We therefore conclude that, where there is no apparent legislative intent to impose a tax, where the "fee" rates vary greatly and arbitrarily without apparent reason, and where the amount of the levy varies greatly depending solely upon the technical process used to achieve a passing of the decendent's interest upon death, there is a palpable violation of the proportional contribution clause contained in Ch. I, Art. 9, of the Vermont Constitution, and the levy cannot be sustained, either as imposed prior to 1971 or in the amount, roughly double, set out in the 1971 amendment.
III. Applicability dates and inclusions in residue.

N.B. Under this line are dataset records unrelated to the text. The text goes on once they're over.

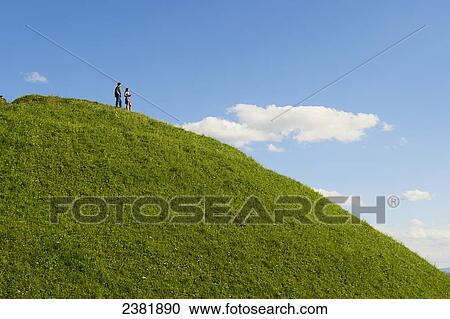 Stock Image - Tourists standing on top of Krakus Mound; Krakow, Poland. Fotosearch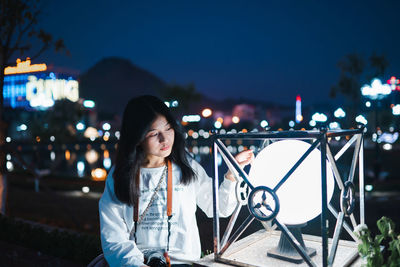 Young woman looking at illuminated light in city against sky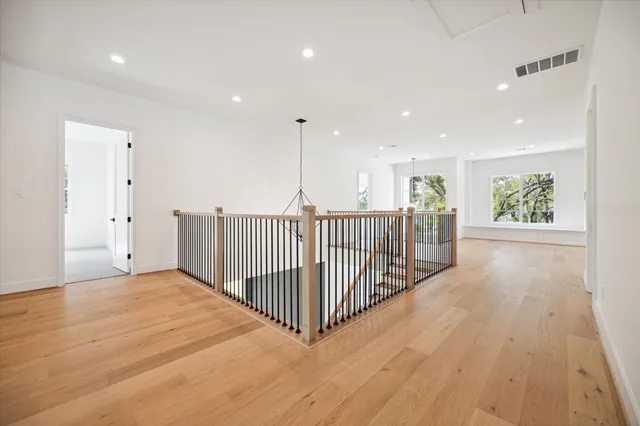 a view of a hallway with wooden floor and windows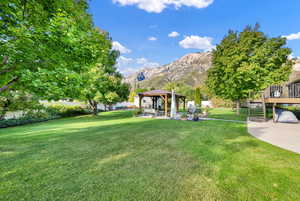 View of yard with a deck with mountain view and a gazebo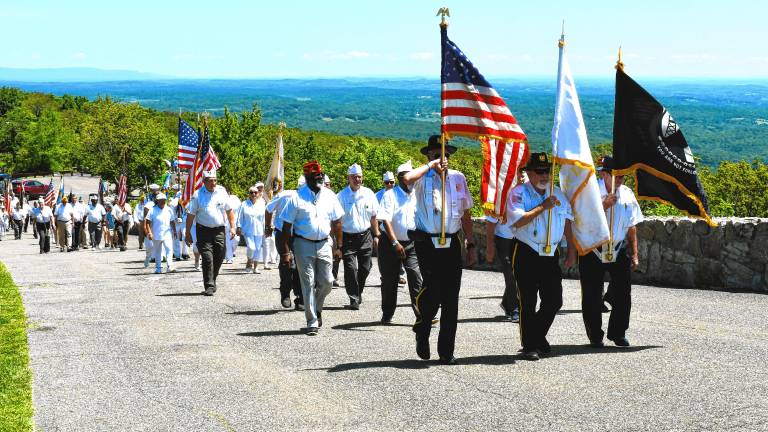 <b>Veterans march up to the New Jersey Veterans Memorial in High Point State Park on Sunday, June 29. (Photos by Maria Kovic)</b>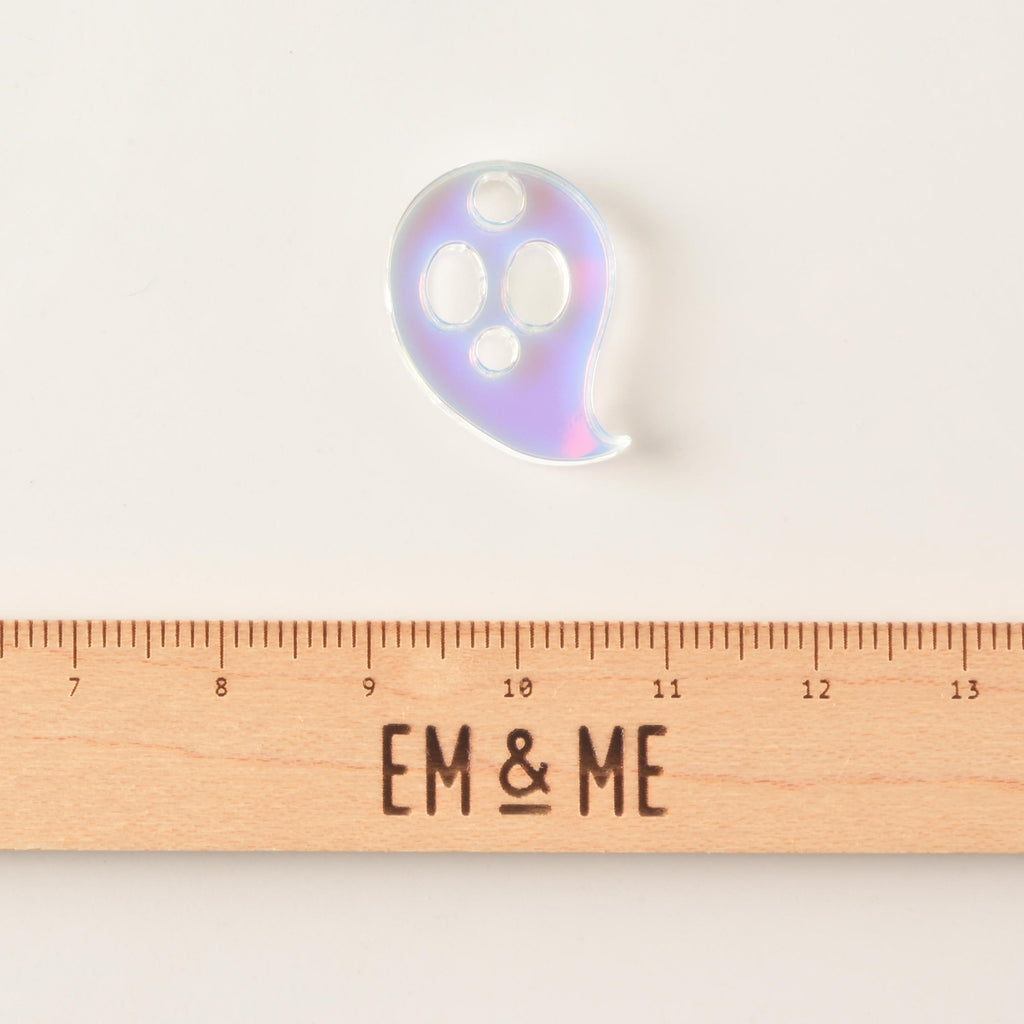 Iridescent ghost-shaped mini charm with hole for hanging on solid white background with wooden ruler that reads "EM & ME"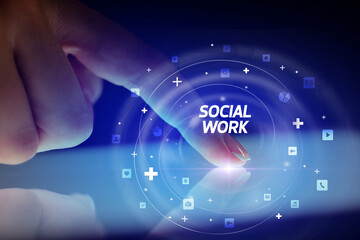 Finger touching tablet with social media icons and SOCIAL WORK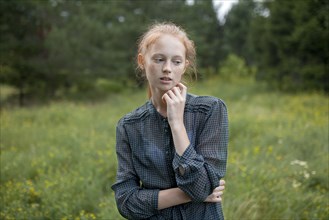 Portrait of Caucasian girl standing in field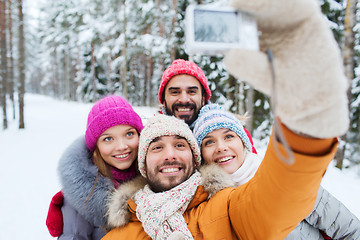 Image showing smiling friends with camera in winter forest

As we have already held, the repealed fee for issuance of letters testamentary contained in the pre-1971 statute was assessed improperly, and in its stead should be assessed the entry fee of $15.00 imposed as of July 1, 1971, before the letters testamentary were issued. This fee is a set one, and we need not consider any computation questions raised and briefed in this connection.
The larger part of the levy below, i.e., the distribution "fee," we have held unconstitutional, so that the questions relating to inclusion of income and appreciation of assets within the basis for the levy are no longer pertinent.
So much of the order of the Bennington Probate Court, dated November 29, 1976, as relates to probate fees, is vacated, and the cause is remanded for revision of said order consistent with the views herein expressed and return to the appellants of overpayment of fees paid under protest and escrowed pending appeal by agreement.